While Mrs. HM was in the back room grabbing that folder, the
unattendee tried to converse through the locked glass of the secretary's window
about a baseball cap he had found while unsupervised. She called him inside the
inner sanctum to figure out what the deal was. Just then, the office phone
emitted a high-pitched, annoying beep. BEEP. BEEP. BEEP. On and on.
"Why doesn't Ms
Sec answer that infernal phone?" thought Mrs. HM, who really likes Ms
Sec, thinks the world of her, her being a former student, and very efficient at
her job. "Just answer it already. It's hurting my ears!" Let the
record show that Mrs. HM has no idea how those multiple line phones work, or
the noises they make, and runs out the door if she's ever alone in the office
and it starts ringing. Not her responsibility.
As if sensing Mrs. HM's inner chastisement, Ms Sec said to
nobody in particular, "What in the world is wrong with that phone?"
Mrs. HM was on her way out the office door, her tender ears
ringing, sidestepping that unattendee, and noticed The Pony galloping down the
hall towards her room like a thoroughbred. "PONY! She's right there! Your
Mom's right there!" The Pony reversed direction. Looked relieved to see
me.
And then Ms Sec's voice blared over the intercom: "EVERYBODY IN THE BUILDING GO
IMMEDIATELY TO THE LOCKER ROOMS. GO NOW. TO THE LOCKER ROOMS. WE ARE UNDER A
TORNADO WARNING."
So we all funneled down the steps and between the bleachers,
to the girls varsity locker room, after a bit of confusion from students who
were quicker, and left to their own devices, who declared, "The girls'
locker room will smell better! Go in there!"
And there we sat for 90 minutes, with our softball team, our
Smartypants team, student and adult spectators from the softball game, a board
member who was driving by and needed to get out of the storm, baseball players
waiting for their practice, after-school kids there for EOC review, coaches,
custodians, Mr. Principal, and poor cell phone reception. The opposing team was
allowed in to go to a different locker room, and the radio broadcasters who
were there to cover the game set up a mobile broadcast center in our gym.

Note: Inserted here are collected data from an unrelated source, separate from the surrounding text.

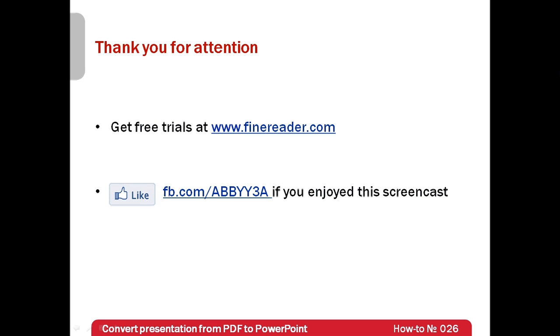Free trials of ABBYY FineReader 11 can be downloaded from www.finereader.com. Thank you very much for your attention and if you have enjoyed this screencast, please like our Facebook page.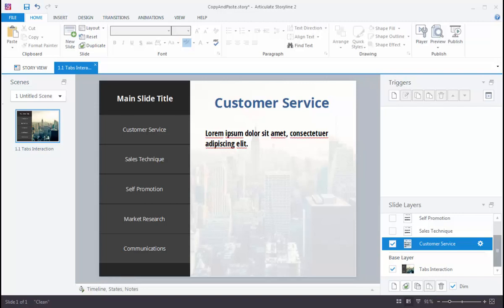Hey, this is Mike, and I wanted to show you a few copy and paste tricks you can use to really speed up your e-learning development time.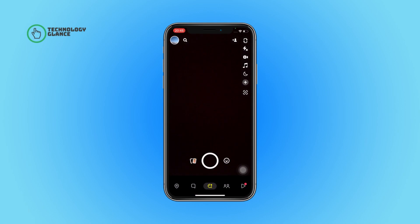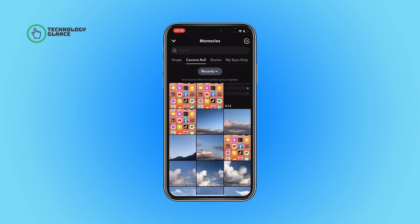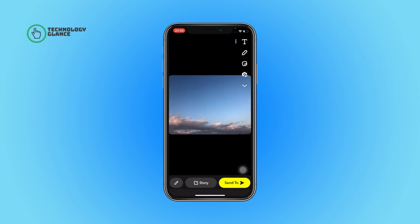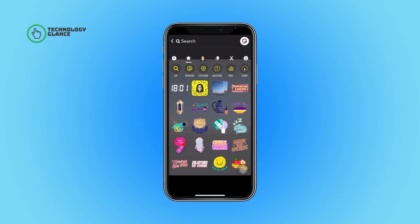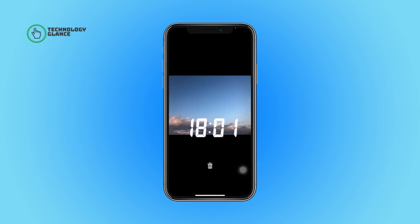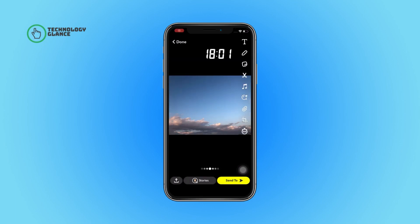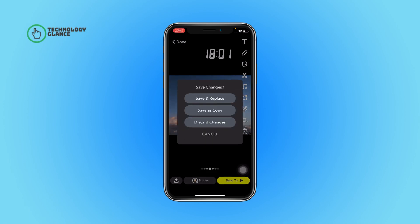Now tap on the photos icon. After that, go to camera roll and select the snap you want to edit. Now make the necessary changes. Then tap on the done button and select the appropriate option.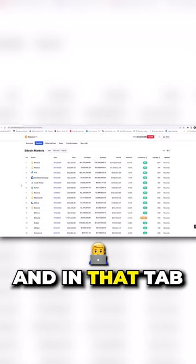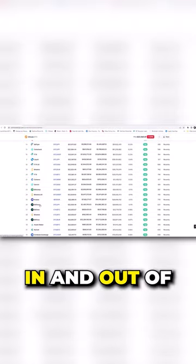And in that tab, you'll be able to see all the cryptocurrency exchanges where you can actually trade in and out of, sell in, buy into Bitcoin.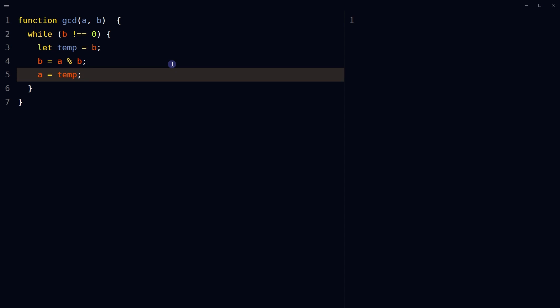Update a with the temporary variable. The value of a is now updated to the original value of b, which was stored in the temporary variable. This step prepares for the next iteration of the loop, aligning the values properly for the next calculation of the remainder.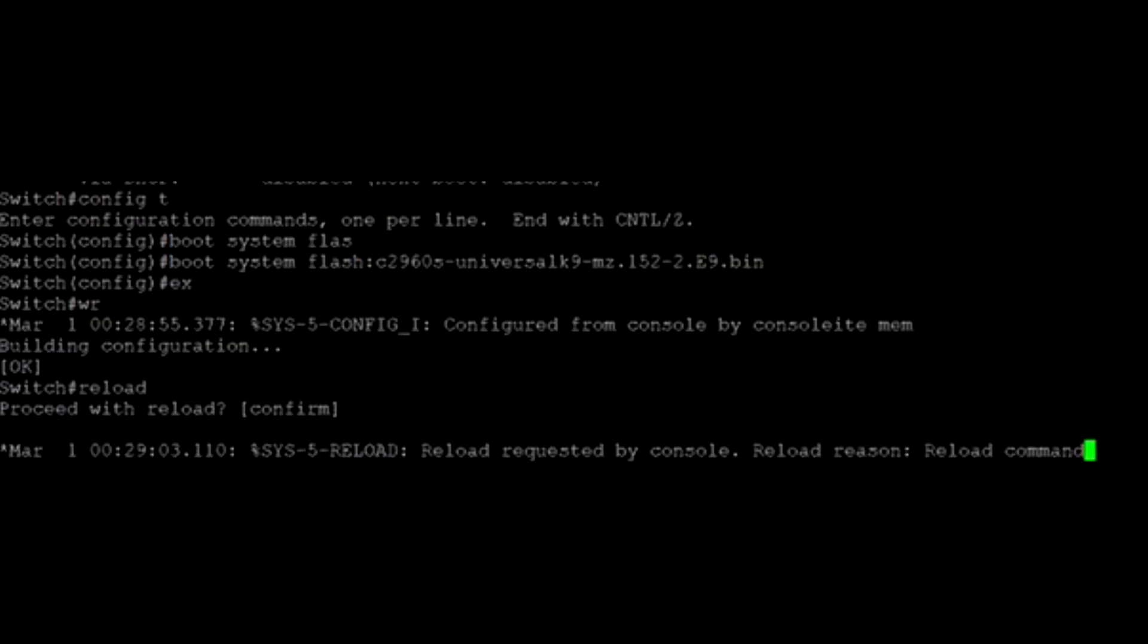Lastly, type in the reload command to reboot the switch. That is it. Thanks for watching.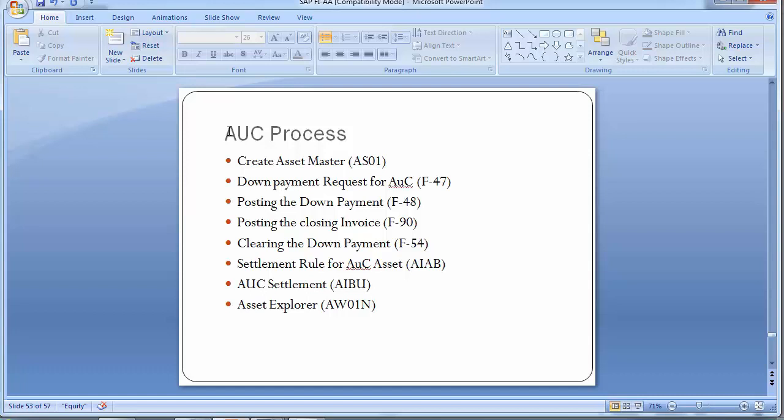This is how you complete the asset under construction process — a very important and interesting process in asset accounting. In the next training session, we will look at asset accounting year-end and period-end activities, along with some very important reports needed in organizations. Thank you.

The Smartypants coach got a message out for me to Farmer H,
who was driving home in the maelstrom. We were all safe, but by the time we
were allowed to leave, Farmer H was trapped behind a fast-rising culvert and
could not leave the Mansion to take The Pony to his college informational
meeting at the local junior college as planned at 5:30. I could not get home,
so I took him. Then Farmer H fired up his 4WD Ford F250 Long Bed Extended Cab
and forded that fiord like a champ. We met and transferred The Pony, who had
his meeting despite all classes at the college being canceled for the evening.
Yep. Best-laid plans of Mrs. Hillbilly Mom and The Pony
often go awry. I snatched up my copies, left a mess on my desk, and need to gas
up T-Hoe on the way to school tomorrow before my duty. The second day of
flash-flooding has left our roads in a gosh-darn mess. Farmer H is selflessly
taking a vacation day tomorrow and Friday to use his tractor and work on them.
The Great Chasm has relocated to just in front of our downhill
neighbor's barn. Those brown bubbling swirling waters are a death trap for the
uncountryfied folks. Stay home. Do not drive into running water. Check how deep
the chasm is before trying to cross that furrow.
Be safe. We are.
I was waiting for my turn to present at our school board meeting. Of course, they put us last on the agenda, so we didn't finish until 9:15.
ReplyDeleteBut while I was waiting, a storm came up. Lightning. Thunder. Hail (or really noisy rain). By the time I chewed off my leg and escaped, the rain had left.
I am sure, with Farmer H playing hooky, that he will have a delicious hot meal prepared for you and the young'un on Thursday AND Friday.
Sioux,
ReplyDeleteUm...yeah. We got home and Farmer H was nowhere to be found, and the garage door was open.
Maybe he was staging a crime scene so we would look for him. Didn't work.